Local recurrence in this disease can have devastating consequences and patients have a median survival of 66 days after local progression (McIver et al. anaplastic thyroid carcinoma: a 50-year experience at a single institution, 2001). This study also demonstrated that radiation after complete or near complete resection did not improve local control but did delay the time to local progression (5 versus 3 months). However, radiation or surgery did appear to improve survival over palliative care alone. In previous studies by Tennvall et al. and Werner et al., death from local failure was seen in 36% and 24% of patients, respectively. These studies used twice daily treatment schedules of varying doses and chemotherapy regimens [11, 21]. In our study, death attributed to local failure was seen in 18% of patients, though the patients who developed local failure were inoperable at the time of diagnosis or only received a partial resection or biopsy. Similarly, Foote et al. achieved local control in 30% of patients with variable radiation schedules and dual chemotherapy; however, patients with metastatic disease at diagnosis were excluded from their study [22]. These patients account for a significant portion of patients with ATC and were included in our series. Results from the present study suggest that a hypofractionated regimen is as effective as hyperfractionated regimens and while treatment courses were slightly longer, patients were only treated once per day.

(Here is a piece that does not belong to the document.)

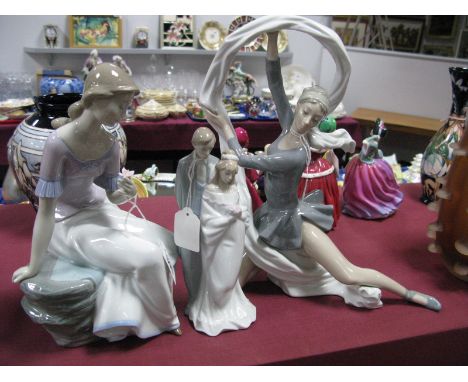 Nao Figure Groups:- ballerina, girl sat on rocks, newlywed couple. (3)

There were multiple limitations in this study including the single institutional retrospective nature, small patient numbers, and variable radiation doses. Most patients received upfront resection possibly because of smaller tumors. Therefore, selection bias may have influenced the overall survival. Despite these issues, this treatment approach is unreported in the literature. Results from the present study suggest that a hypofractionated regimen with concurrent chemotherapy is well tolerated with a favorable toxicity profile and rates of local control when compared with previously used fractionation schemes. While there was no formal assessment of quality of life, given the favorable toxicity as well as the convenience of a shorter, once a day treatment regimen, we believe that this regimen may improve the quality of life in these patients with a generally poor outcome. Based on our results, short course hypofractionated radiation therapy appears to be a viable and safe option in the treatment of ATC and remains a sensible approach given the poor prognosis and symptomatic needs of this patient population. Specifically, this protocol may be useful in patients who have difficulty with a twice daily regimen due to either travel or concerns about their ability to tolerate the acute effects of a twice daily regimen.

Conflict of Interests

The authors declare that there is no conflict of interests regarding the publication of this paper.